Archive for February 2010

Be kind—don’t pollute telephone fields

One of the most exasperating things about processing telephone data is all the junk that often gets added next to the numbers. Little notes like “cell”, “parent’s phone”, “call before 8 p.m.” and “disconnected” can wreak havoc when the information is processed with telephone update services or sent through merge/purge, as well as when utilized in-house.

Having the extra information included is particularly destructive when trying to verify telephone numbers or running a reverse append. Often these numbers are flagged as invalid and not properly processed.

Merge/purge can also be harmfully affected if telephone information is used in the match criteria and matches are missed due to the “database pollution”.

The little notes can be a problem in-house as well. They show up when printing telephone lists and when supplying data to your call center. And they can also cause issues when performing queries on the tables.

If notes about telephone numbers are necessary, a separate field should be provided and utilized by the end user. And if the problem persists, database managers can limit the size of the telephone fields so there is not enough room for the notes.

Most importantly, lessons in database etiquette, including a list of do’s and don’ts, should be included in training for anyone who accesses the database tables.

A company or organization’s data resources are among its most important assets. Following a few simple rules when accessing them can greatly help maintain their value and extend their effectiveness.

Be kind—don’t pollute!

Restructuring the pdNickname database

An alternative structure for is to have one record per name with the variations in fields next to it. This tutorial explains how to do it.

Matching and merging names can be tricky. How do you relate William Smith with Bill Smith? The pdNickname database can be utilized to match names that are dissimilar because one has a given first name while another has a nickname or other variation.

Out of the box pdNickname is structured to allow immediate compatibility with the greatest number of database systems as well as to make it easy to become familiar with.

The nickname database is setup with two names per record. The first name field contains the names you are looking up, and in the second is a variation for each name—nickname, diminutive, given name, variant, etc. The same name can be listed several times in the first field, each time with a different variation. (See Figure 1.)

FIGURE 1: PDNICKNAME OUT OF THE BOX

If the names compared are Alexander Jones and Alex Jones, all names matching Alexander (NAME-A) are scanned until a variation is found that matches Alex (NAME-B). This works well, but there are other ways of organizing pdNickname that could work even better for you. In fact, we have restructured the table for utilization in our own services.

An alternative structure is to have one record per name and the variations in fields next to it. It is not practical to have separate fields for each variation, which can range from one to over two hundred. So what we do is have two Memo fields (also known as Long Text), one for close variations (relflag = "1") and the other for more distant variations (relflag = "2"), with the string of variations separated by delimiters for easier matching. (See Figure 2.)

FIGURE 2: PDNICKNAME RESTRUCTURED

Note: when browsing a table, normally you cannot see the content of a Memo or Long Text field because the database keeps it in a separate file. For this screenshot we have made the content visible.

Structured this way, when your program finds a match for NAME-A, it then determines if NAME-B can be found in variation field one or variation field two.
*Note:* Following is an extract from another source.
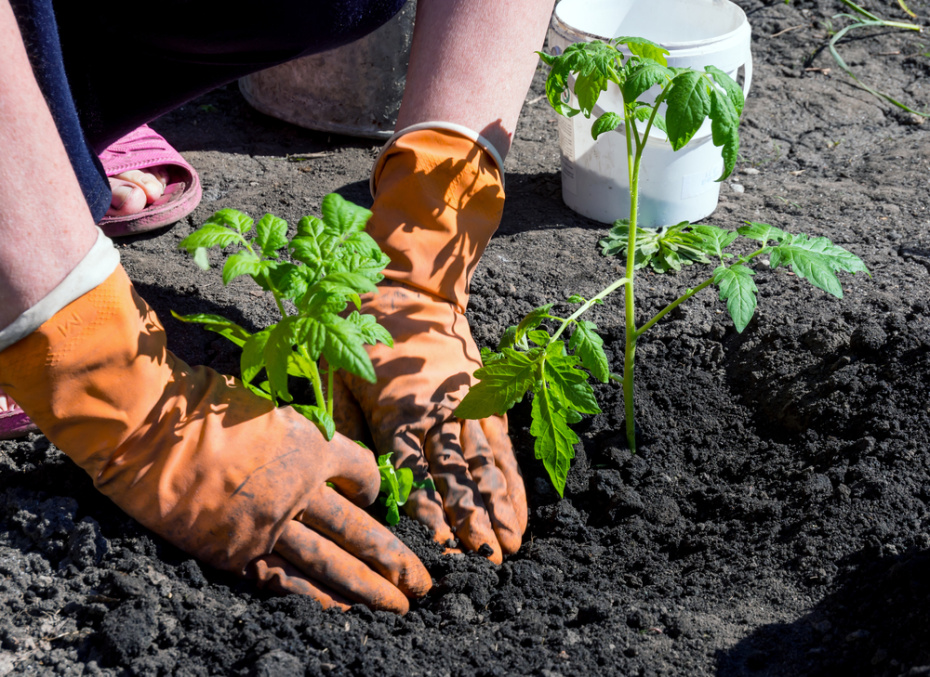 Что посеять на рассаду в марте: список культур для богатого урожая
This can be faster because you only access one record in each search request.

pdNickname, like all our Database Products, are structured to satisfy most users from the start. But there are many ways to integrate the databases into your system. It is up to you to determine what works best for you. Do not be afraid to experiment.

Start at the finish line

When planning a new data management projects, results will be better, costs lower and headaches lessened if you consider what your objectives are before you begin. Always start by thinking about what you want to do with your data both now and down the road.

The worst kind of database system is one put together piecemeal as new demands arise. At some point it becomes more of a hindrance that a help. Many become monsters that seem to have a life of their own.
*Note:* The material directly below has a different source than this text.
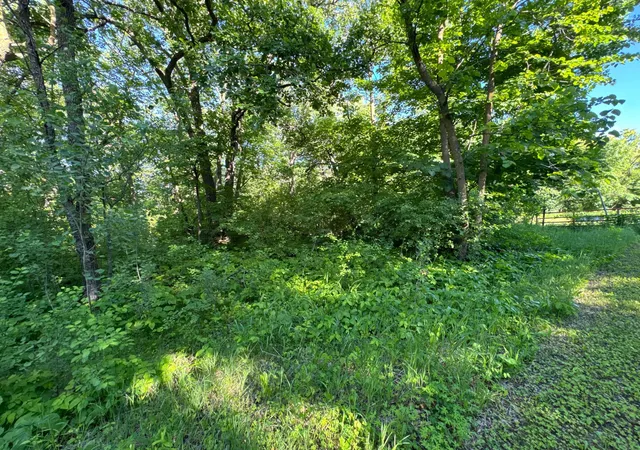 Homes for sale in Underwood, MN | Xxxxx German Lake Rd, Underwood, MN 56586 | MLS# 7028045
Before you design your databases, tables and user interfaces and decide on purchases, consider all the kinds of data you want to track and the best and most resourceful way of doing so. But to do this you need to gather some information first.
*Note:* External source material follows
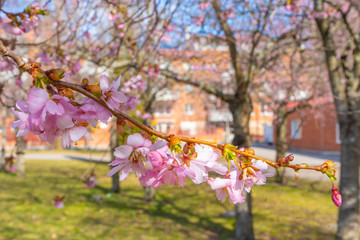 Sakura blooms in Stockholm. Spring in Scandinavia.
Talk to the end users who will utilize your data. Find out what they need and how they will be using it. Just as important, determine what they would like to do in the future and what has frustrated them most about data in the past.

Also talk to those who will be entering information and the techs who will be working directly with the database system. Find out what will make them more efficient and what has previously held them back.

Finally talk to the vendors who will be processing your data and supplying equipment and third-party lists. Ask them what you can do to help them achieve the best results for you and reduce costs without sacrificing quality.

All of this will affect what tables you design, what fields they will contain, what relationships there will be between them and how end-users will access the information. It will also affect what equipment and lists you acquire, when you buy them and who you hire to make it all work.

Your new data management project should not be planned until after gathering the insight needed to establish what the end results should be. Once you have seen the view from the finish line, you will be much better equipped to create a database system that will get you where you want to be days, months and years from now.